I have soil samples, ITS2, V3-V4. I only took forward sequence for analysis. I used the following code for training UNITE classifier. I found major phyla missing in taxa bar plot comprising about 20 -25% of all phyla.
Can you provide more information? What is it you are expecting? What is the purpose of your study?
Normally, quite a bit of quality control is performed even after taxonomy assignment. That is, removing anythign that does not have at least a phylum level assignment, unassigned sequences, etc...
A good place to start is the QIIME 2 tutorials, I'd recommend this
Hello Mike,
My objective is to find out how the crop rotation and Nitrogen fertilizer rate affect on soil microbial communities. I am looking for the fungal community composition especially for Arbuscular mycorrhizal fungi(Glomeromycota). What I notice is even we do level 2, the top four phyla information is missing, it shows Kingdom fungi and nothing more than that. I was wondering why is that, is there any mistake in my code or I was not able to train the classifier?
Likely due to DNA extraction or the quality of the data. Again, your file looks quite typical. Are you sure that the primers you used are good at targeting arbuscular mycorrhizal fungi? Usually, one picks the primer set that best targets the organisms of interest.

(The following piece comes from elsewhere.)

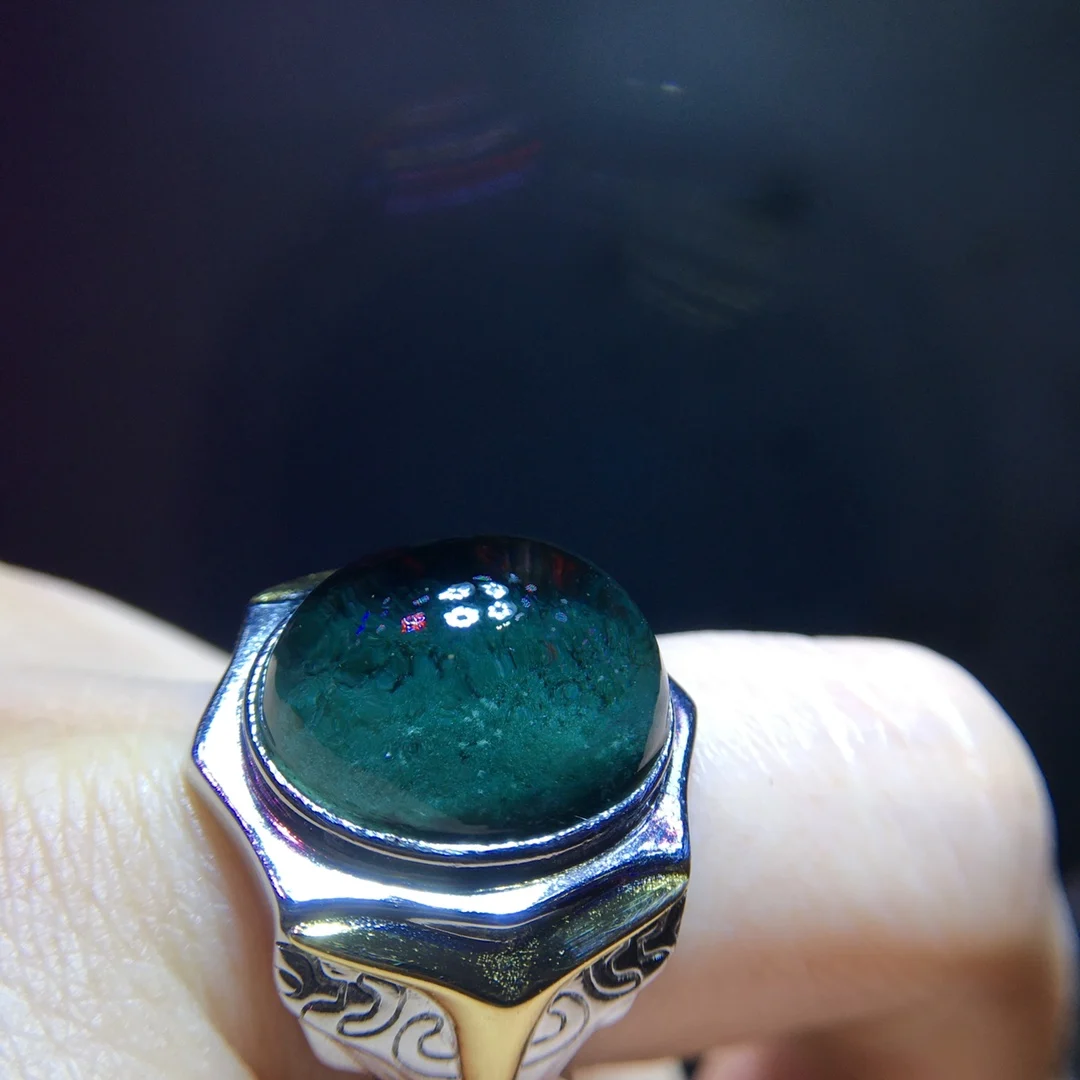 

Natural Green Phantom Adjustable Ring 17/13.8mm BIg Size Men 925 Silver Bead Phantom Women Men Jewelry AAAAAA
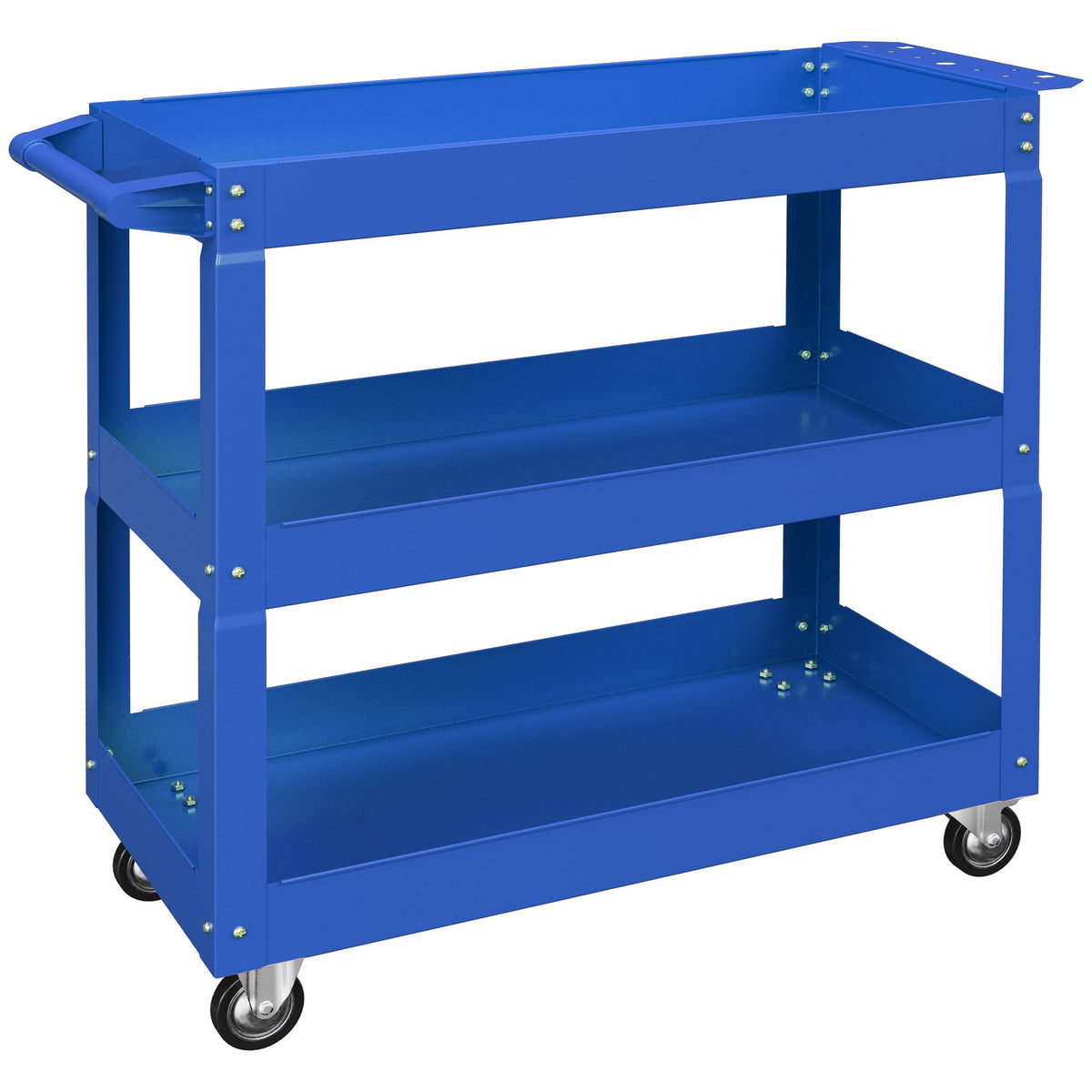 Stalen gereedschapswagen met 3 niveaus, 4 wielen, 83 x 35,3 x 76 cm, blauw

Have you performed and data filtering and analysis yet? I'd not worry too much about taxonomy until you perform some alpha and beta diversity analysis with your ASVs. That will address your question about how Nitrogen fertilization affects your fungal communities. The analysis is performed at the ASV level. If you see changes based on your treatment then the taxonomy won't matter much anyway, unless you have other questions specific to taxonomy.
I noticed that your truncation length for DADA2 denoise-single is 285 bases. That is quite long. How is the quality in that part of the sequence? If the values are below 25 or 20 I'd try for a shorter truncation length. Otherwise there is too much noise for the denoiser to disambiguate true base changes from PCR / sequencing error and you'll obtain spurious ASVs (assuming low quality in that region).
Actually, those are nice quality scores. When possible I like to set my truncation to the position just before the 'bottom of the box' goes below 30. If I was to do this with you data I'd go for being super strict and set the truncation length to ~245 (if using the forward read only). But many are okay with 20 -25. Which I think is okay for merging paired-ends on occasion. You could also or to be more lenient, set the truncation length to ~278, were 'bottom of the box' is 25.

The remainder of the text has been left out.